= Task details =
All of the data must be output exactly, with every picture left out.

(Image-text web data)
*** Begin section ***

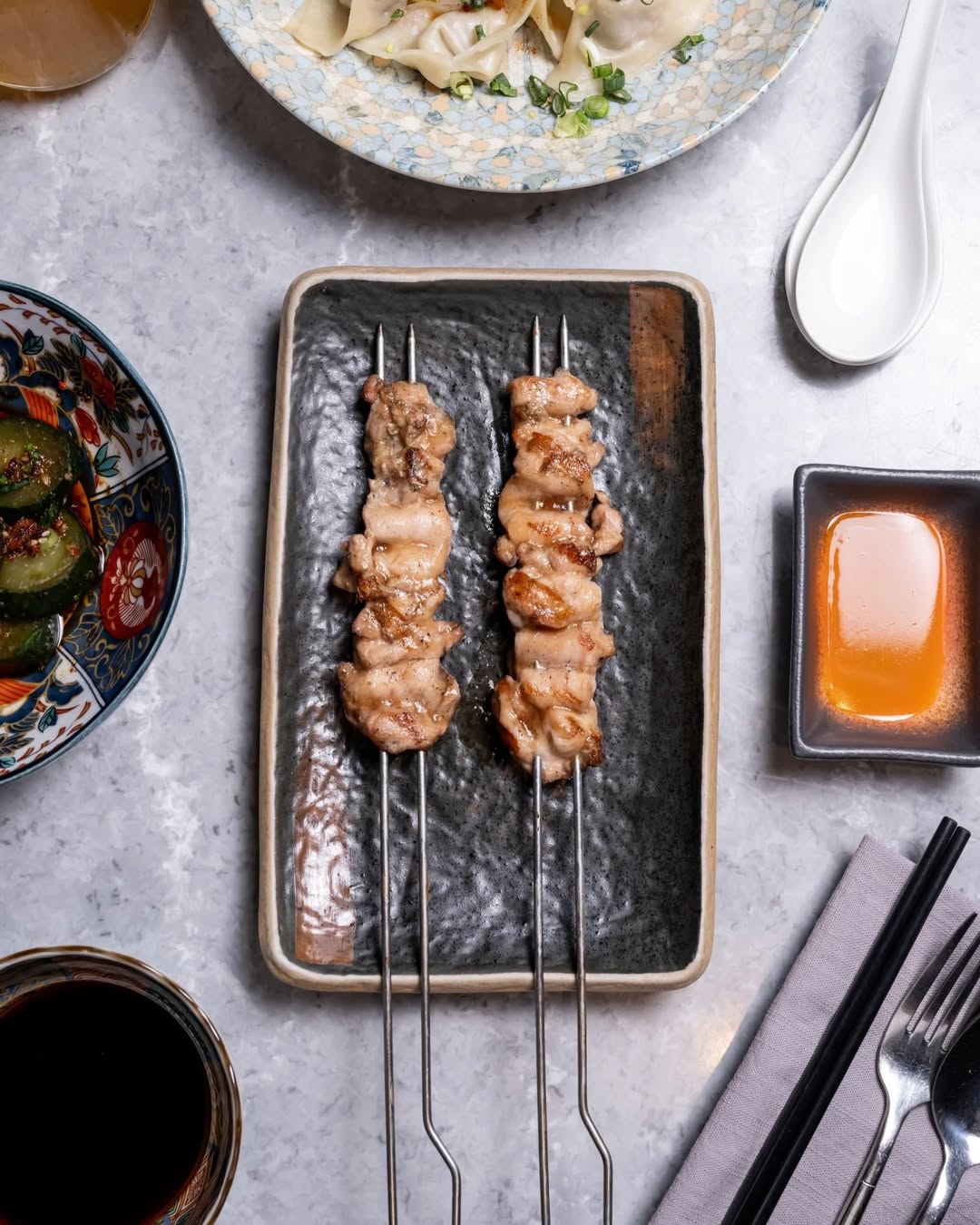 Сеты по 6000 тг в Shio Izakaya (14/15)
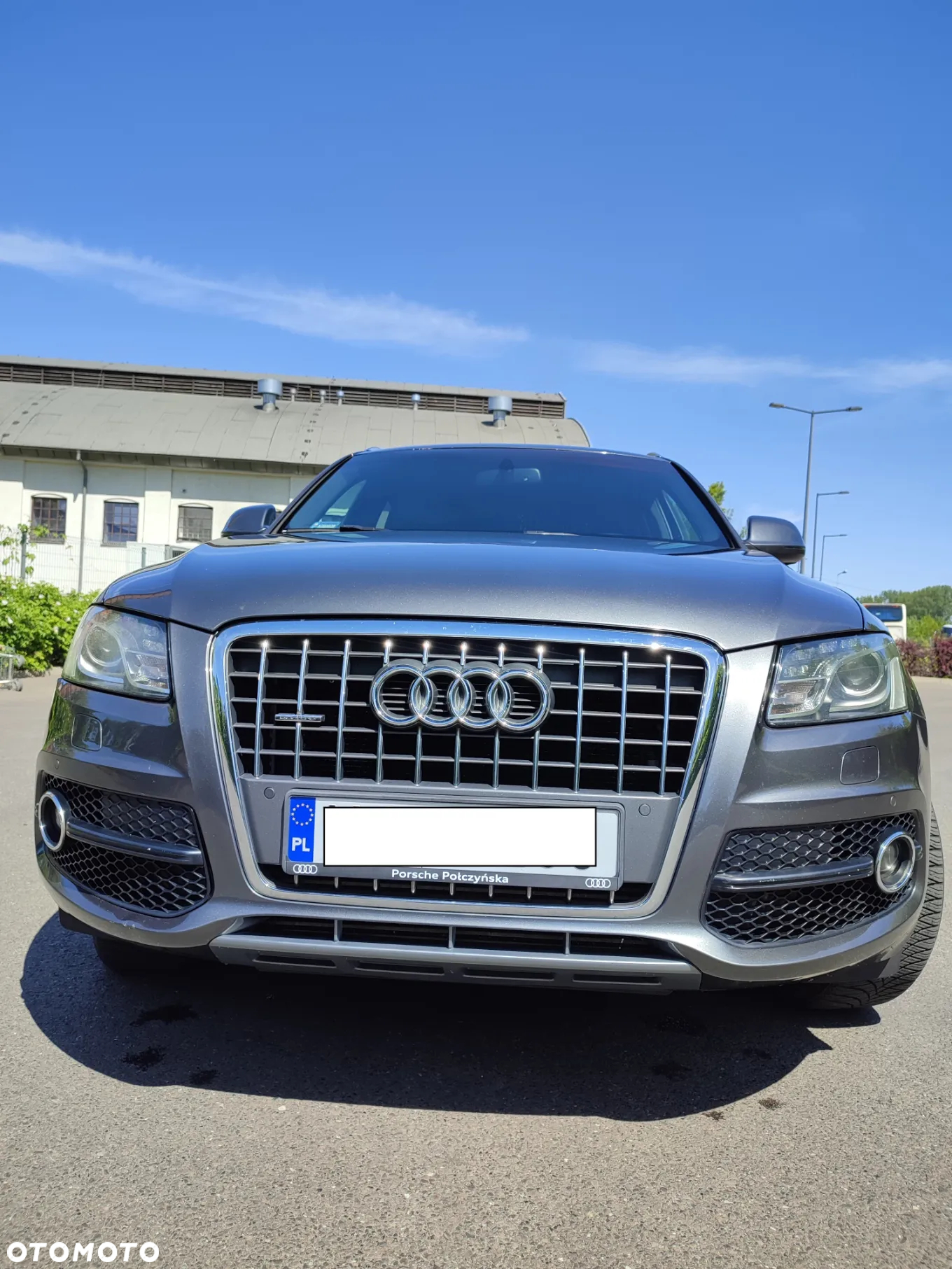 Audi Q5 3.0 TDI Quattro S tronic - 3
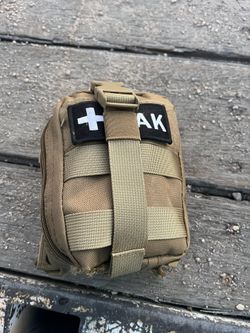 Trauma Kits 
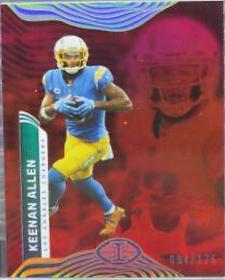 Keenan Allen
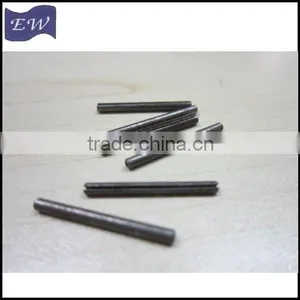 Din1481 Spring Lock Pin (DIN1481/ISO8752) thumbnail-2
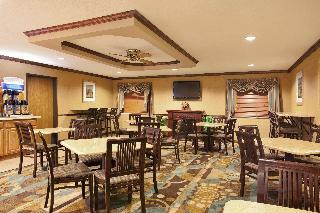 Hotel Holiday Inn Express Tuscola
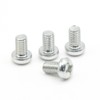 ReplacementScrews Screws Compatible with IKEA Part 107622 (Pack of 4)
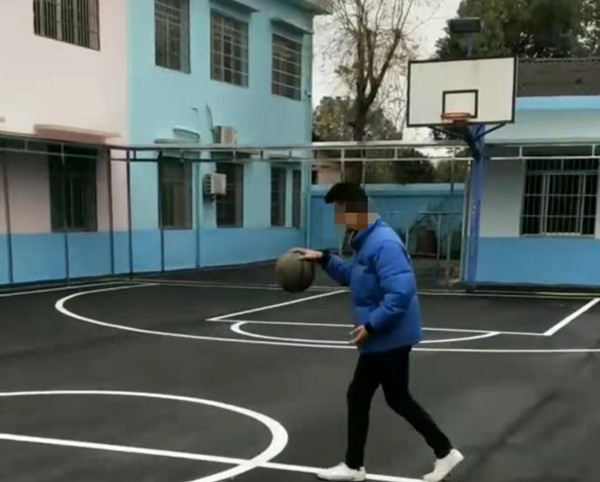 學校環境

*** End section ***

= Expected answer =
 Сеты по 6000 тг в Shio Izakaya (14/15)
 Audi Q5 3.0 TDI Quattro S tronic - 3
 Trauma Kits 
 Keenan Allen
 Din1481 Spring Lock Pin (DIN1481/ISO8752) thumbnail-2
 Hotel Holiday Inn Express Tuscola
 ReplacementScrews Screws Compatible with IKEA Part 107622 (Pack of 4)
 學校環境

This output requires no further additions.